Gold Cracks US$1,000

Gold’s day-long breach of the US$1,000-per-oz.-mark was the biggest news for gold bugs around the world in early September.

• Gold leaped US$50 and had an all-time nominal high fix of US$1,004.50 per oz. in London on Sept. 8. It then traded briefly above US$1,005 per oz. before falling back to the mid-US$990s. That exceeds the past year’s US$994-per-oz. high reached in February 2009 and the all-time nominal high of US$1,002.80 attained in March 2008. Gold is now holding solidly above its 1980 spike of US$850 per oz., which would be well north of US$2,000 per oz. in today’s dollars.

The big-picture reasons for gold’s inevitable ascendance have been expounded upon in these pages for more than a decade, but this latest, brief surge above US$1,000 per oz. seems to be rooted in new and widening doubts that the U. S. government has any inclination to protect the value of the greenback. The already excessive debt loads that doubled under the Bush Administration are now set to double again under the Obama Administration, and that’s without any new socialized health care plan.

The 1960s counterculture radicals who now run the U. S. government are keenly aware that crises — real or cynically provoked — are exceedingly useful times to consolidate power and rapidly push unpopular agendas past a frightened and off-balance electorate.

It’s a smart, if misguided, bunch running the show in the U. S. now, so more people are coming to realize with some horror that the relentless hollowing out of the greenback’s value is a preferred, chosen policy option that advances the government’s wider agenda to increase its power at the expense of Wall and Main Streets alike.

It all plays into gold’s perennial role as a store of value in turbulent times, and those who understand its role stand to benefit. The gold price is behaving as predicted now that U. S. debt in its myriad forms is spiralling well beyond the point of normal repayment and into the painful realm of future massive currency devaluation.

• The world’s largest gold miner, Barrick Gold, has signed up to the unconventional Silver Wheaton financing program by selling 25% of the life-of-mine silver production from the Pascua-Lama project and 100% of silver production from the Lagunas Norte, Pierina and Veladero mines until project completion at Pascua- Lama. Barrick will get US$625 million payable over three years plus ongoing payments for silver delivered under the agreement.
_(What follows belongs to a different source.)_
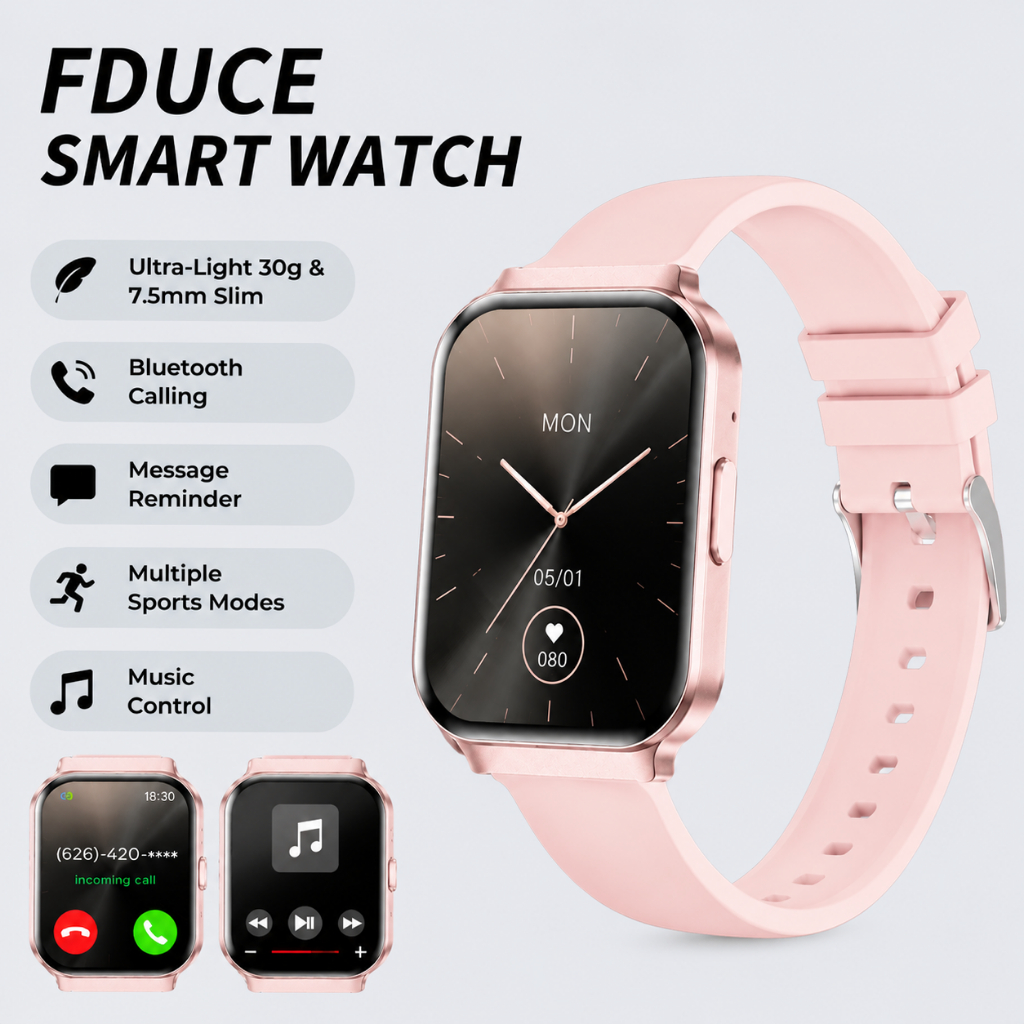 FDUCE T13 Smart Watch สีชมพูอ่อน 1.75" HD – โทร Bluetooth, หน้าจอสัมผัสเต็มรูปแบบ, การติดตามกิจกรรมฟ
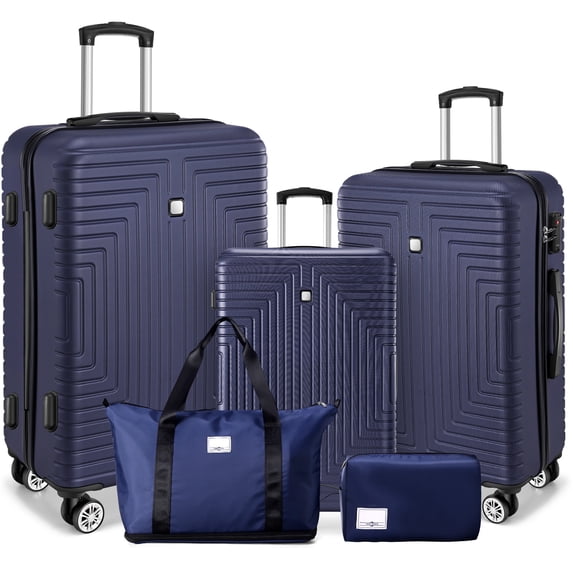 SANOPY 5-Piece Luggage Set: 20"+24"+28" PC Luggage Hardshell Carry on Suitcase with Spinner Wheels & TSA Lock + Cosmetic Bag & Versatile Fitness Duffel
But that is small potatoes compared to Barrick’s new US$3- billion bought deal of 81.2 million shares at US$36.95 per share.

Barrick will earmark US$1.9 billion of net proceeds to eliminate all of its fixed priced gold contracts within the next 12 months and about US$1.0 billion to eliminate a portion of its floating spot price gold contracts. However, Barrick will record a US$5.6- billion charge to third-quarter earnings as a result of the ensuing accounting changes. This complete elimination of the remnants of Barrick’s controversial hedge book is the company’s first major move under new president and CEO Aaron Regent’s stewardship.

• A couple of junior boardroom squabbles got sorted out in favour of long-time management. Ulli Rath’s team stays on at Chariot Resources, as a dissident group led by Lundin Group members fell a few million votes short of ousting the incumbent board. And in dramatic fashion at Athabasca Potash’s annual meeting, recently turfed president, CEO and company founder Dawn Zhou and her alternate slate of directors retook control of the company and its Burr potash project in Saskatchewan.

• In a sign of how out-of-whack the copper markets have been this year, Xstrata’s high-quality Kidd metallurgical facilities in Timmins shut down their copper operations on Labour Day for seven to ten weeks. Xstrata blames the shutdown on a shortage of third-party copper concentrate, including one caused by the Vale Inco strike, which is looking to be a long one.

• In Indonesia, the national government has sent about 600 troops to help safeguard workers at Freeport-McMoRan Copper & Gold’s colossal Grasberg copper-gold mine, adding to the 2,500 or so security professionals linked to the mine.

The beef-up comes on the heels of the murder of an Australian employee, a local security guard and a policeman in July and a spate of shootings since then, possibly linked to the separatist Papua Independence Movement.